Bottom top orange
The old-style bottom-loading cryostats were basically just Dewar (Thermos) flasks, vacuum insulated. The sample-holder below was cooled directly by the liquid nitrogen or helium bath to 77 or 4 K. The temperature of the sample was kept above 77 or 4 K, without straying far from these values as the calories injected would make the cryogenic fluid boil, thus reducing the autonomy of the cryostat (< 1 day).
Whenever the sample needed to be changed, therefore, the cryogen had to be removed and the cryostat re-heated, before inserting the new sample and re-cooling the cryostat again. This was very time-consuming and hampered ILL's quick turnover of experiments.

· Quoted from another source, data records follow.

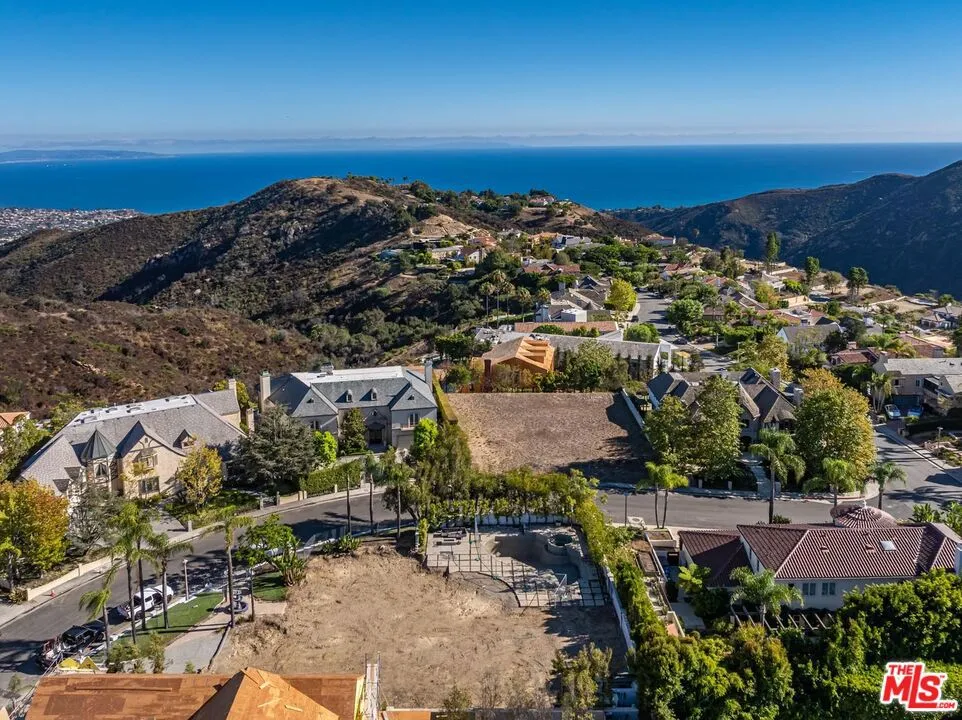 16661 Cumbre Verde Court Los Angeles, CA 90272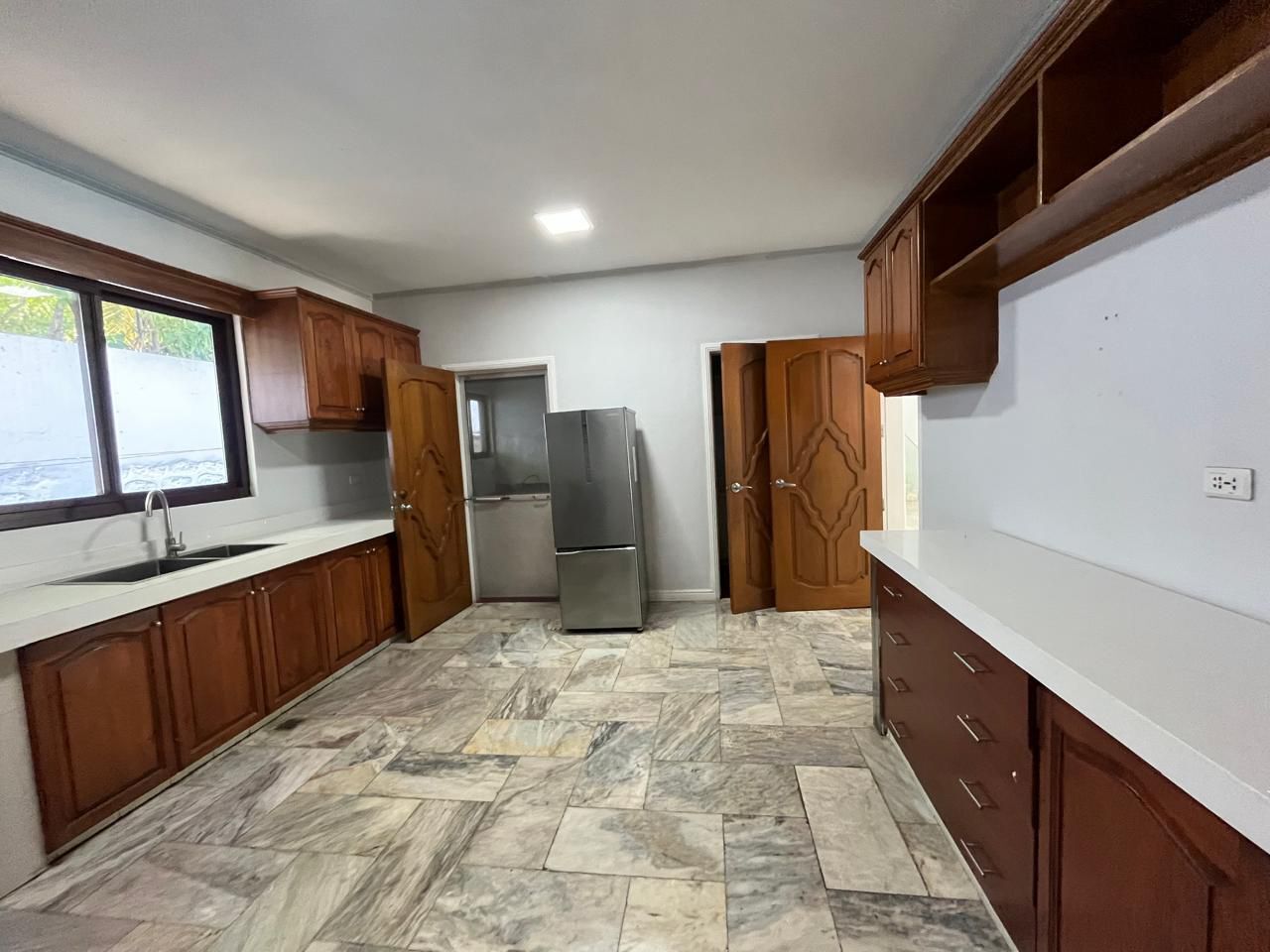 Spacious 3-Bedroom House in Dasmarinas Village, Makati City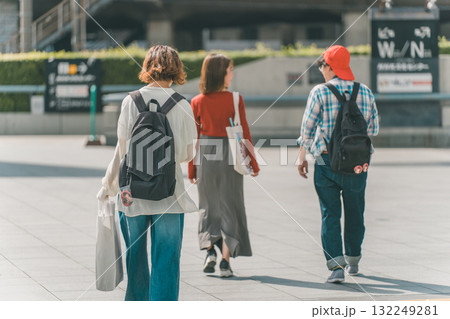 supporting my fave 132249281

The old top-loading variable temperature cryostats had a well within the helium bath. This made it quicker and easier to change the sample, as there was no need to empty the cryostat. We could also vary the temperature of the sample over a wider range, but at the cost of more helium.
The problem with this design was that a small amount of air entered the well and mixed with the helium flow whenever the sample was changed. The humidity in the air migrated to the coolest point in the device, the capillary tube of the cold valve, and blocked it with ice.
Unlike the previous two models, the helium bath in an Orange cryostat is not directly exposed to the heat radiated by the sample well, as it is insulated by a screen (annular vacuum space) cooled by the liquid nitrogen bath. It seems that Dominique Brochier, who called it "the anti-cryostat or anti-Dewar", took the idea unknowingly from Air Liquide.
When the user raises the temperature of the sample, the radiation from the well is blocked by the screen; this keeps helium consumption low and significantly increases the cryostat's autonomy, much to the scientists' relief.
The cold helium gas coming from the cold valve leaves not via the sample well but through the annular space around the well. This avoids blockages at the bottom of the well and also reduces consumption even further, as the gas flow cools the wall of the sample well.
The sample sits at the bottom of the well in a "static" exchange gas, which is cooled by an exchanger in which the helium is expanded. The system allows temperatures as low as 1.3 K to be reached and the sample is cooled homogeneously in a large volume of gas.
Apart from its lower helium consumption, the advantages of the orange cryostat are that the sample can be changed rapidly as of 10 K and that it can be heated to 550 K (cryofurnace) without significantly affecting the cryostat's autonomy (because the sample is well clear of the helium bath).
Numerous attempts were made to automatically control the cold valve regulating the helium flow to the sample, but it was only thirty years after the invention of the Orange cryostat that a satisfactory solution was found.